*** Opening Information ***
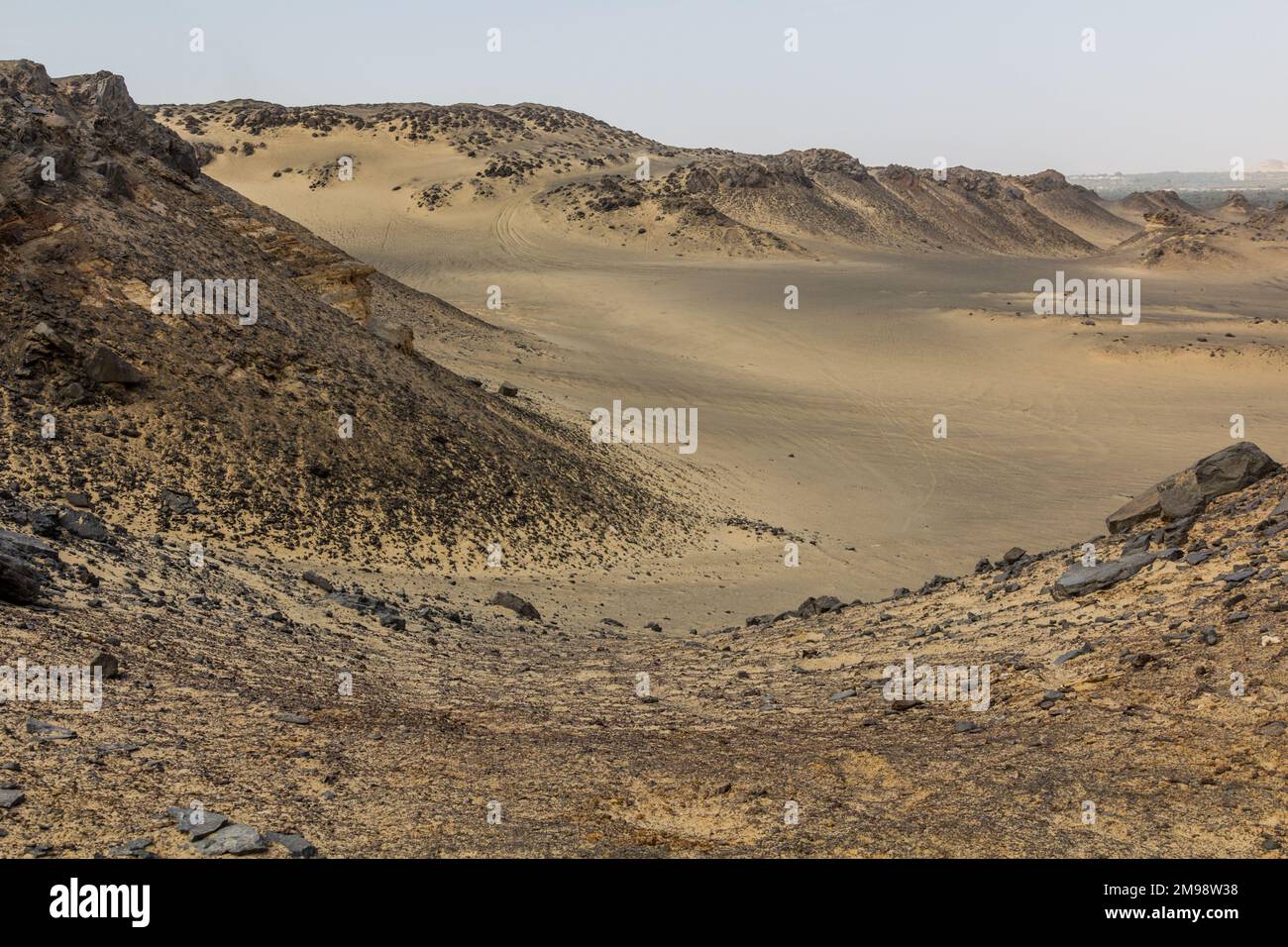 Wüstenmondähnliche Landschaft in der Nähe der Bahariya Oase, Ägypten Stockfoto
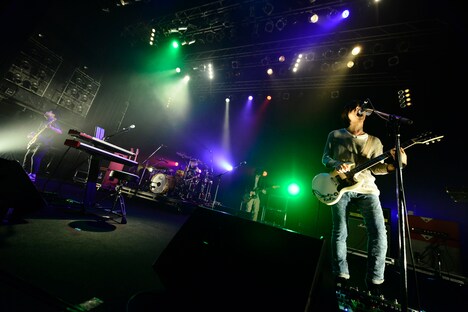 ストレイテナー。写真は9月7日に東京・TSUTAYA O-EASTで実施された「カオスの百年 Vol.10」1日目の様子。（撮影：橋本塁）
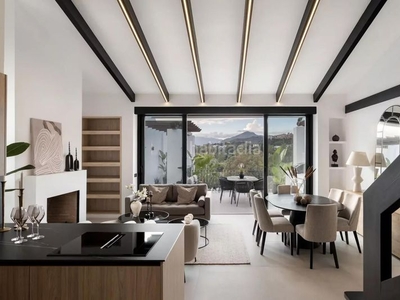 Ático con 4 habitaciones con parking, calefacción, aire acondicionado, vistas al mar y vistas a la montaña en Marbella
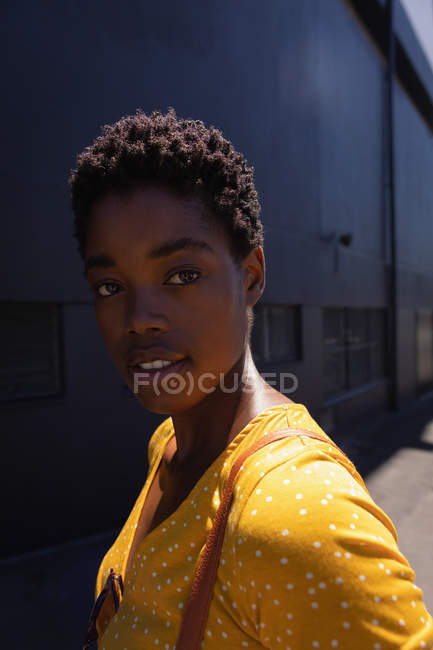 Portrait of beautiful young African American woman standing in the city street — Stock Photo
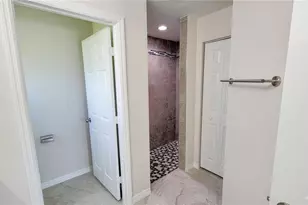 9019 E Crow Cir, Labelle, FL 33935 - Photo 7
*** Closing Information ***
#### Problem to solve:
Write out the whole listing above exactly; do not include the pictures.

#### Response area:
 Wüstenmondähnliche Landschaft in der Nähe der Bahariya Oase, Ägypten Stockfoto
 ストレイテナー。写真は9月7日に東京・TSUTAYA O-EASTで実施された「カオスの百年 Vol.10」1日目の様子。（撮影：橋本塁）
 Ático con 4 habitaciones con parking, calefacción, aire acondicionado, vistas al mar y vistas a la montaña en Marbella
 Portrait of beautiful young African American woman standing in the city street — Stock Photo
 9019 E Crow Cir, Labelle, FL 33935 - Photo 7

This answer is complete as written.